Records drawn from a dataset
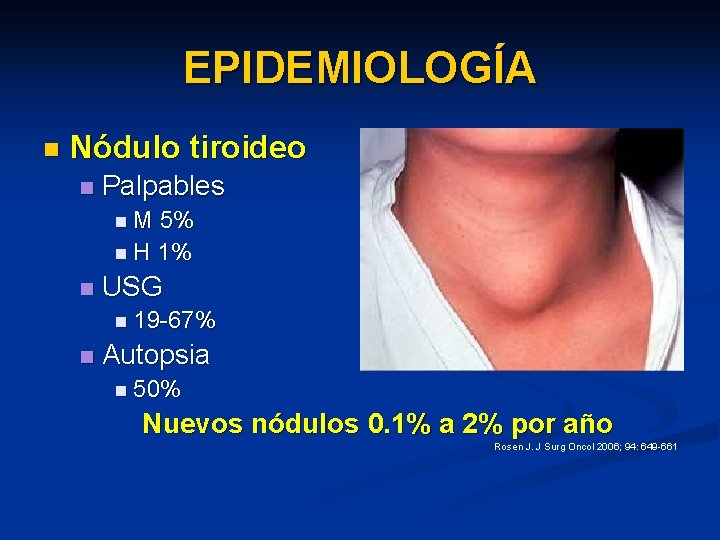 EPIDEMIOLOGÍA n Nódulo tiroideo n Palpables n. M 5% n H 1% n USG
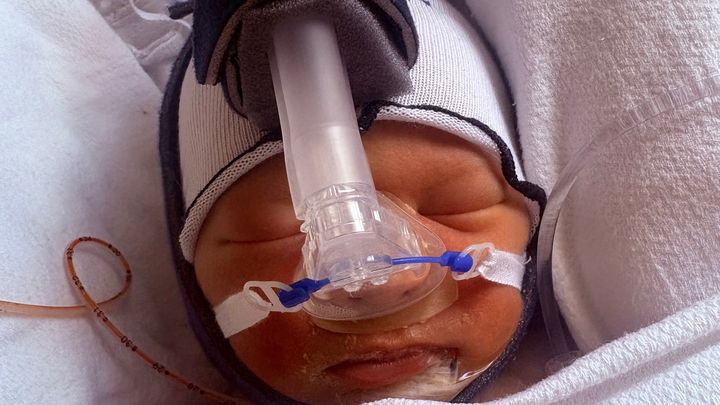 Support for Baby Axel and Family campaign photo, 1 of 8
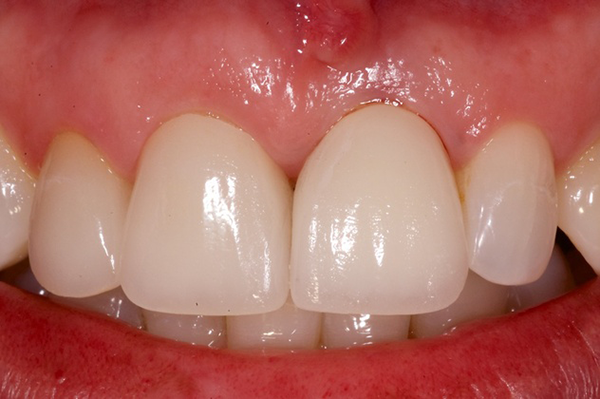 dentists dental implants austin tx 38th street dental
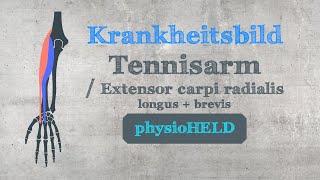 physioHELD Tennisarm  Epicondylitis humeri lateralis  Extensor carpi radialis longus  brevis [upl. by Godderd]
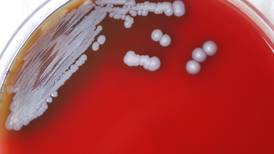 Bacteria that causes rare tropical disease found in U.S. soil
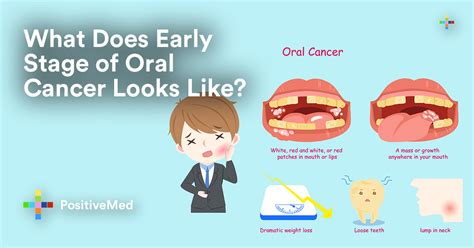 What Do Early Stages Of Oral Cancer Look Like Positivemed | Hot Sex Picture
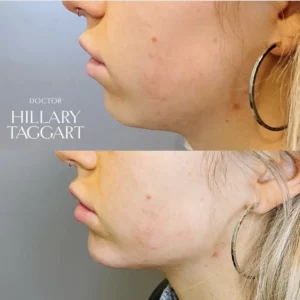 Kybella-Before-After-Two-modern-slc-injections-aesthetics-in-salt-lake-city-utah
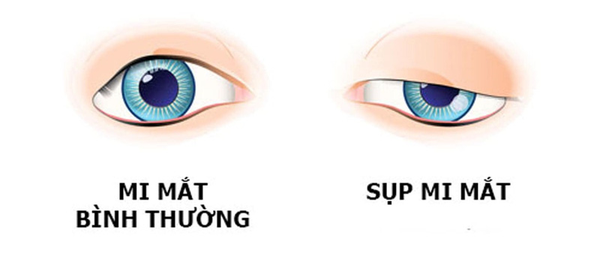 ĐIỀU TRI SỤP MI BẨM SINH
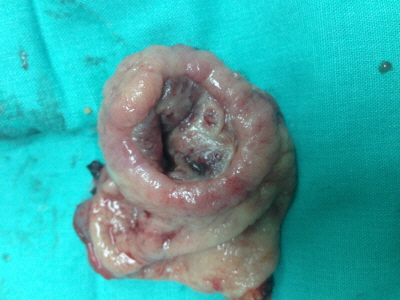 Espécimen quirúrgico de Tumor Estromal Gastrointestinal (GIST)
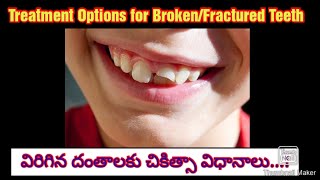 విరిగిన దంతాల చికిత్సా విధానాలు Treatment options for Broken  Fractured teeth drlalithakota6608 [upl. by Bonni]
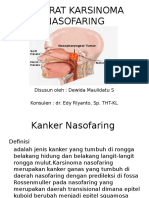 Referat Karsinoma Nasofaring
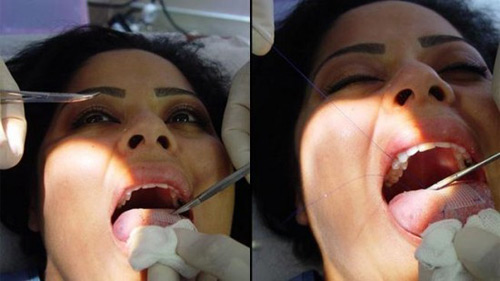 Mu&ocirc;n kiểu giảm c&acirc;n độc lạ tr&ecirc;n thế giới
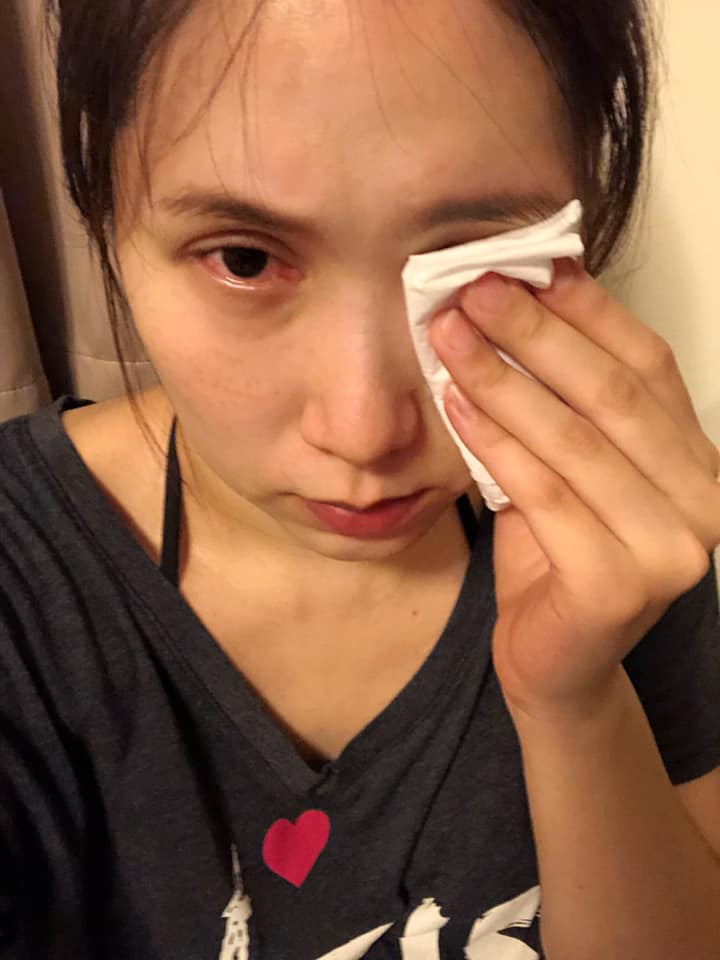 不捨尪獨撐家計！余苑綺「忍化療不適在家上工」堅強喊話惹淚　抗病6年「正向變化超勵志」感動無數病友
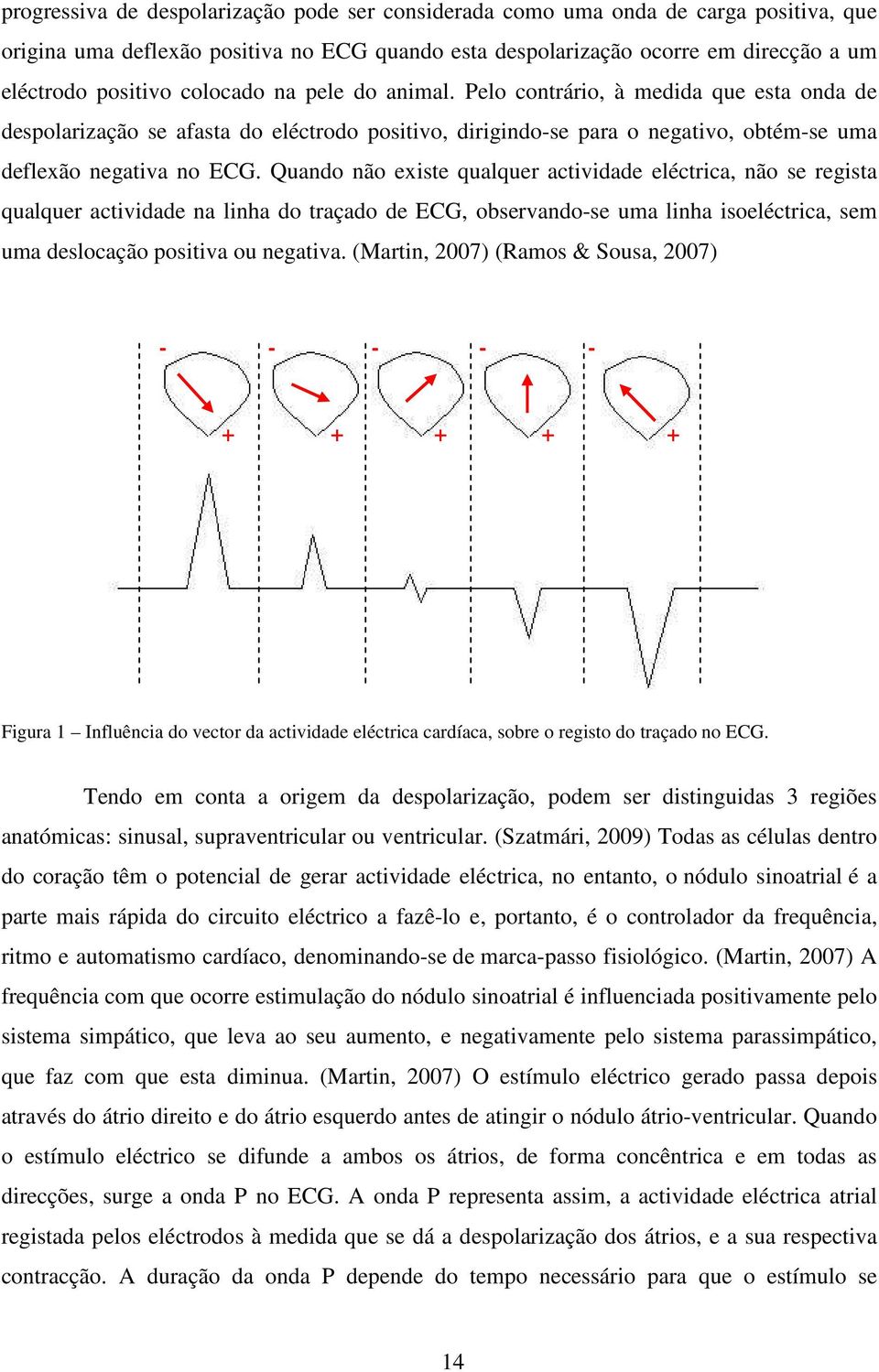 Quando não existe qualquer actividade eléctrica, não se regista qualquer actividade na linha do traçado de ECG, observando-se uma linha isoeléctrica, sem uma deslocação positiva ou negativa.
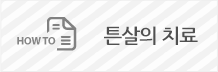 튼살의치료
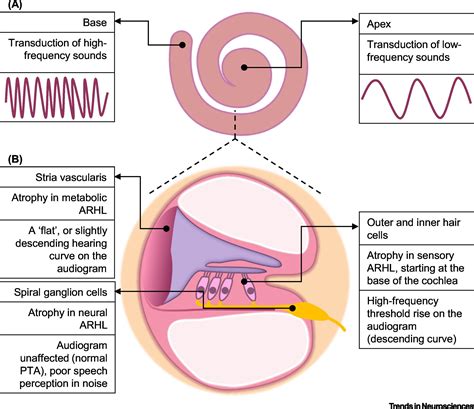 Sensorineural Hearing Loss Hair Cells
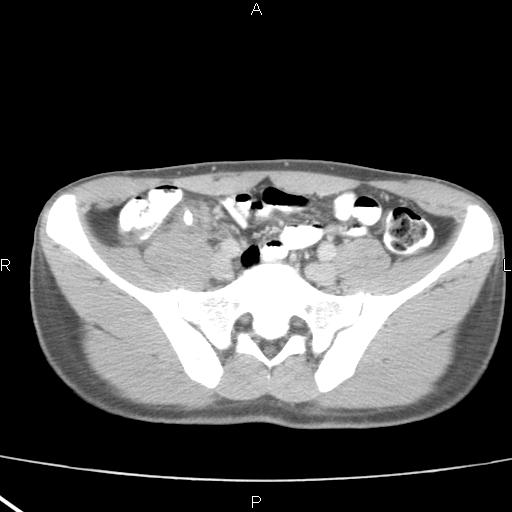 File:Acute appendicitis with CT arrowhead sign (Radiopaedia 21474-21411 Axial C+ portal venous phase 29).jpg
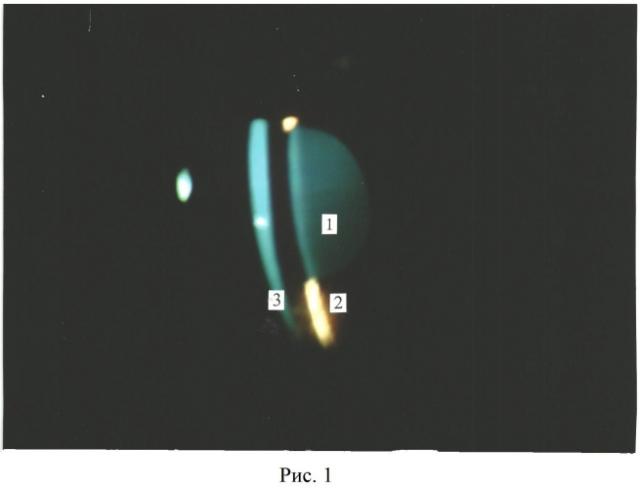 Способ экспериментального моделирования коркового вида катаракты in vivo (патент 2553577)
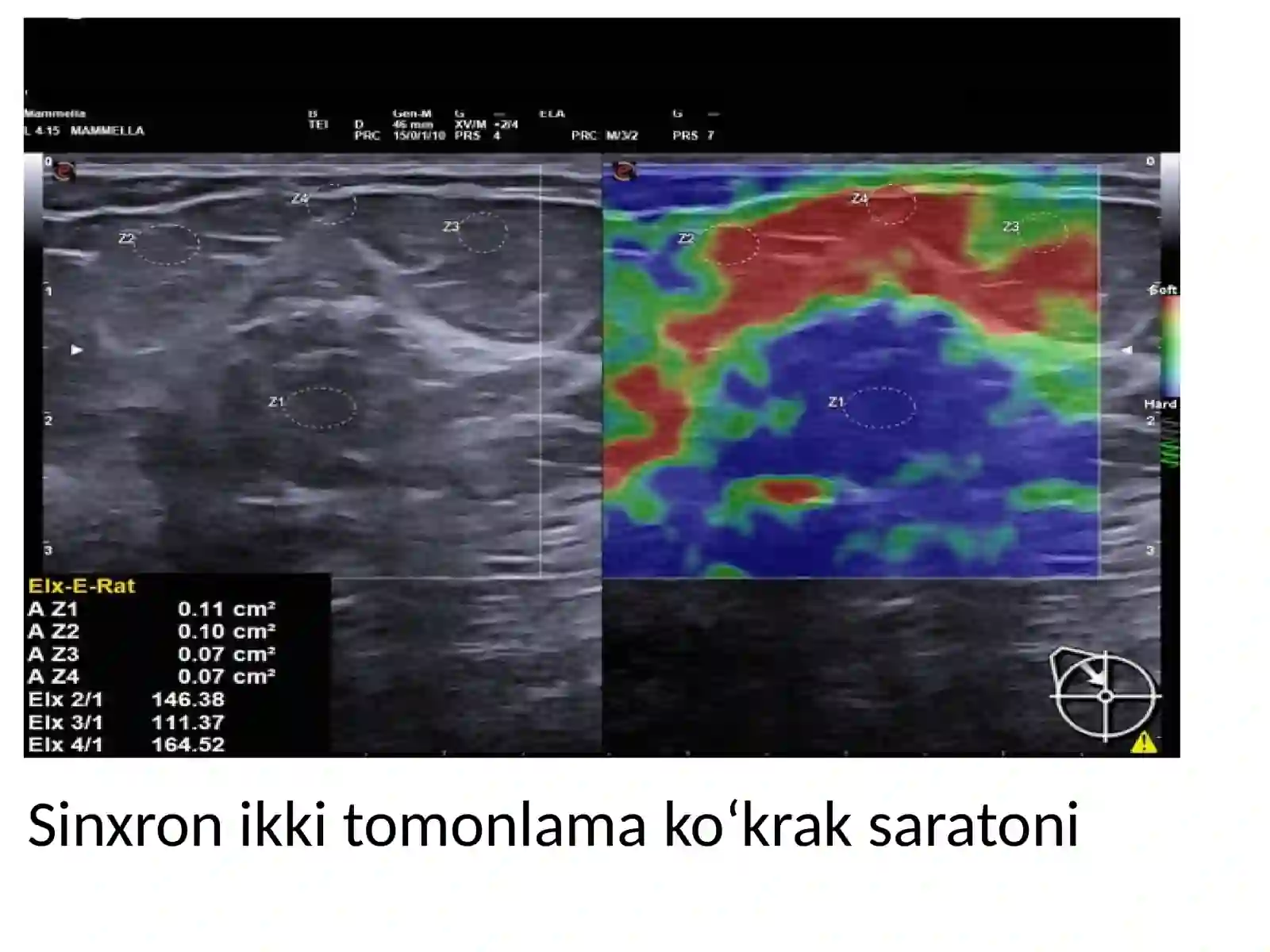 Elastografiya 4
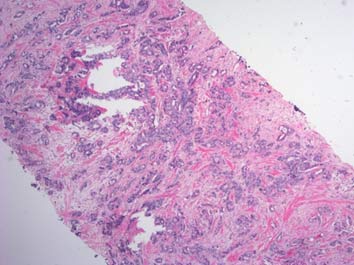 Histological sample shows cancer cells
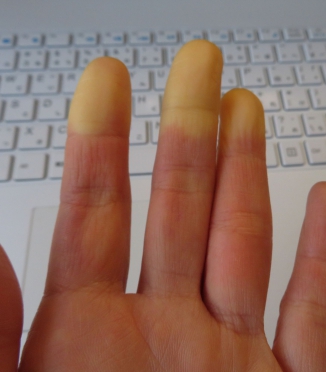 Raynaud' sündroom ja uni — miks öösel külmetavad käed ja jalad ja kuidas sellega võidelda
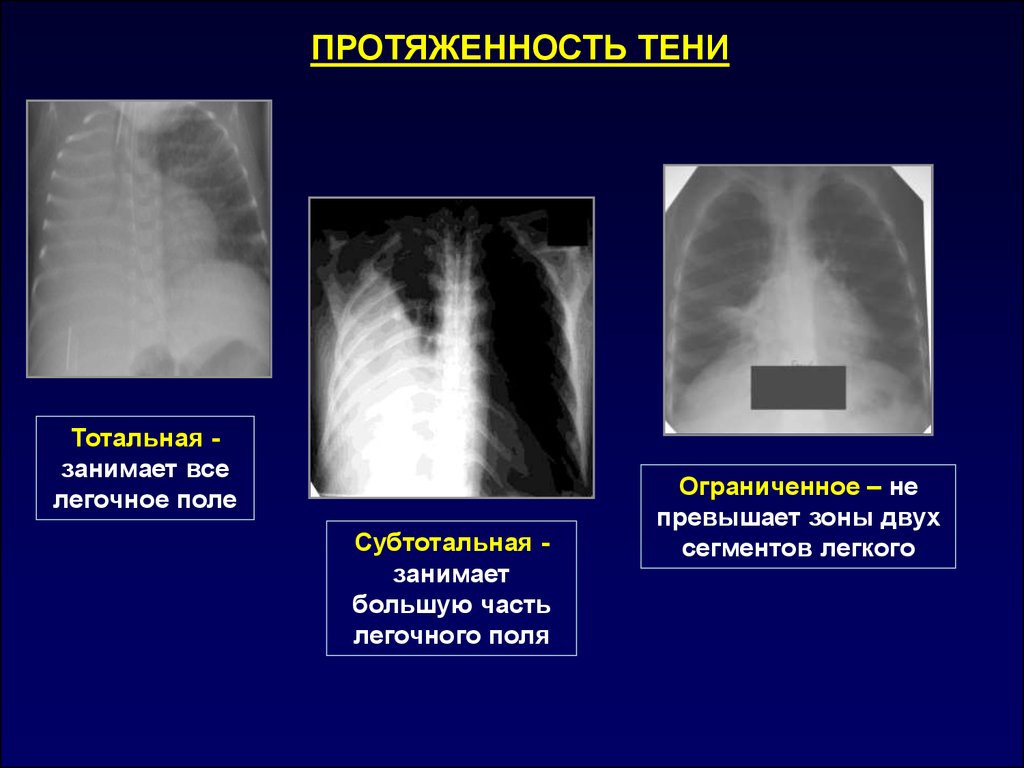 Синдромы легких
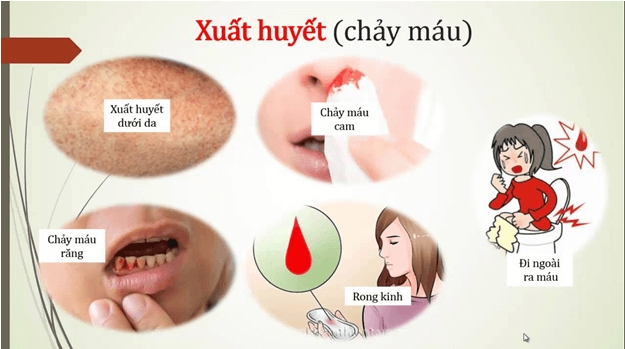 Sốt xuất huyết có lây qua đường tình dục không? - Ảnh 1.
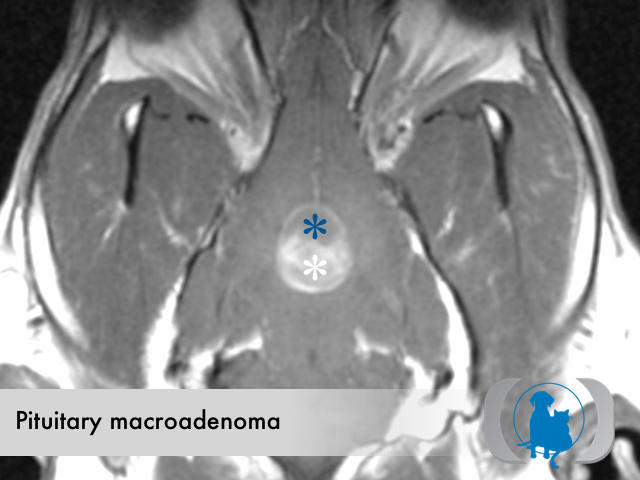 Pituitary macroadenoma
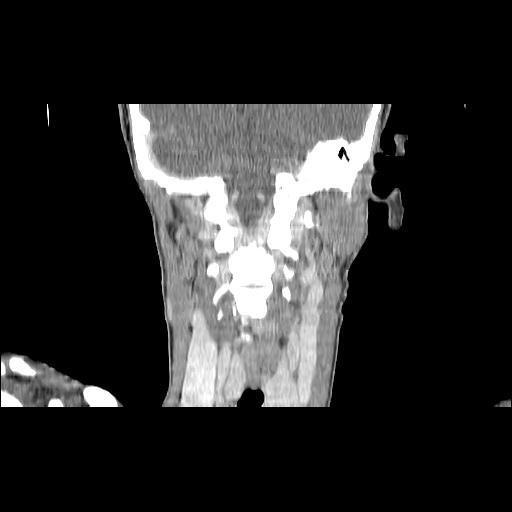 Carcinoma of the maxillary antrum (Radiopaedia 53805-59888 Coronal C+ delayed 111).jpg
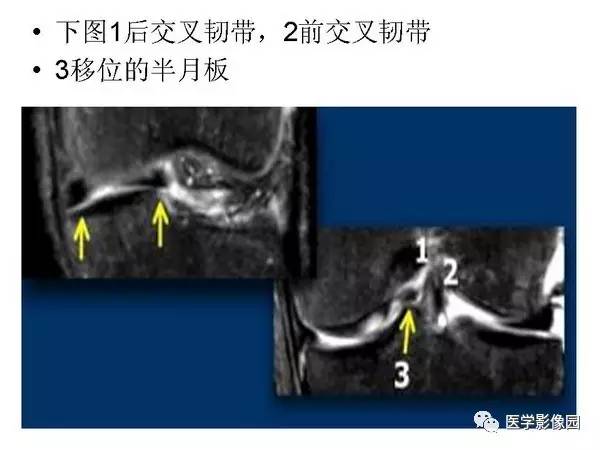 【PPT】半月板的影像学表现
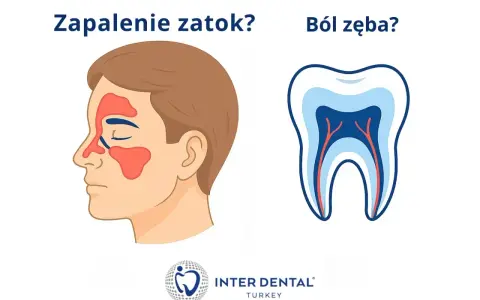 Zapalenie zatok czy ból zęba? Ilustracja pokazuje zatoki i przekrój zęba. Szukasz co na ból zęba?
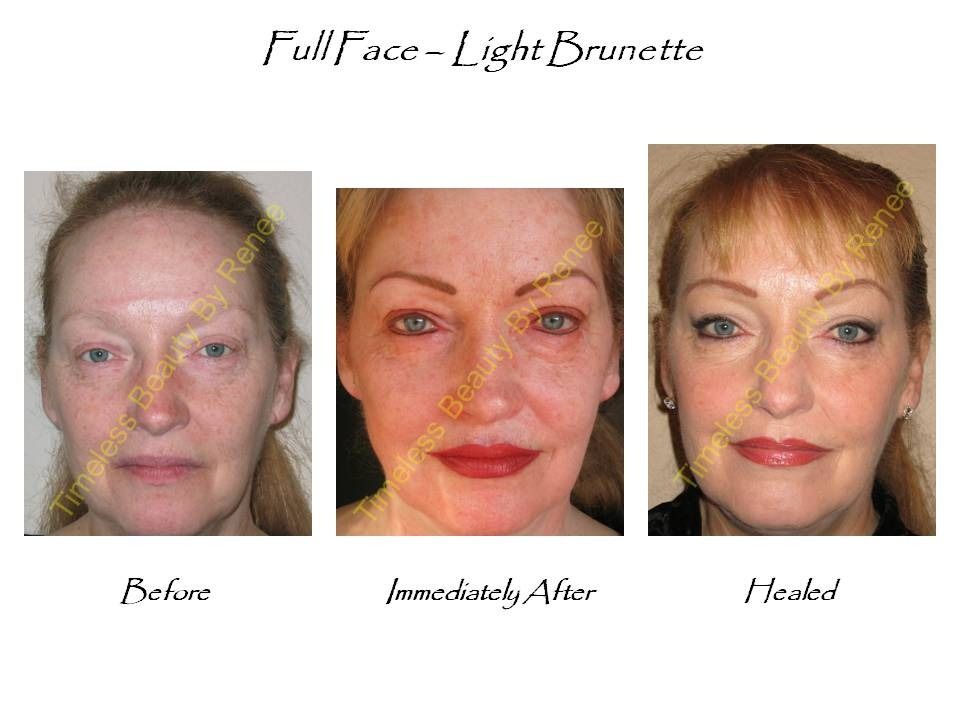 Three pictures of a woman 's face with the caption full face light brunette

*WHAT YOU NEED TO DO*: Return an exact transcription of the entries above, excluding each image.

*COMPLETED TASK*:
 EPIDEMIOLOGÍA n Nódulo tiroideo n Palpables n. M 5% n H 1% n USG
 Support for Baby Axel and Family campaign photo, 1 of 8
 dentists dental implants austin tx 38th street dental
 physioHELD Tennisarm  Epicondylitis humeri lateralis  Extensor carpi radialis longus  brevis [upl. by Godderd]
 Bacteria that causes rare tropical disease found in U.S. soil
 What Do Early Stages Of Oral Cancer Look Like Positivemed | Hot Sex Picture
 Kybella-Before-After-Two-modern-slc-injections-aesthetics-in-salt-lake-city-utah
 ĐIỀU TRI SỤP MI BẨM SINH
 Espécimen quirúrgico de Tumor Estromal Gastrointestinal (GIST)
 విరిగిన దంతాల చికిత్సా విధానాలు Treatment options for Broken  Fractured teeth drlalithakota6608 [upl. by Bonni]
 Referat Karsinoma Nasofaring
 Mu&ocirc;n kiểu giảm c&acirc;n độc lạ tr&ecirc;n thế giới
 不捨尪獨撐家計！余苑綺「忍化療不適在家上工」堅強喊話惹淚　抗病6年「正向變化超勵志」感動無數病友
 Quando não existe qualquer actividade eléctrica, não se regista qualquer actividade na linha do traçado de ECG, observando-se uma linha isoeléctrica, sem uma deslocação positiva ou negativa.
 튼살의치료
 Sensorineural Hearing Loss Hair Cells
 File:Acute appendicitis with CT arrowhead sign (Radiopaedia 21474-21411 Axial C+ portal venous phase 29).jpg
 Способ экспериментального моделирования коркового вида катаракты in vivo (патент 2553577)
 Elastografiya 4
 Histological sample shows cancer cells
 Raynaud' sündroom ja uni — miks öösel külmetavad käed ja jalad ja kuidas sellega võidelda
 Синдромы легких
 Sốt xuất huyết có lây qua đường tình dục không? - Ảnh 1.
 Pituitary macroadenoma
 Carcinoma of the maxillary antrum (Radiopaedia 53805-59888 Coronal C+ delayed 111).jpg
 【PPT】半月板的影像学表现
 Zapalenie zatok czy ból zęba? Ilustracja pokazuje zatoki i przekrój zęba. Szukasz co na ból zęba?
 Three pictures of a woman 's face with the caption full face light brunette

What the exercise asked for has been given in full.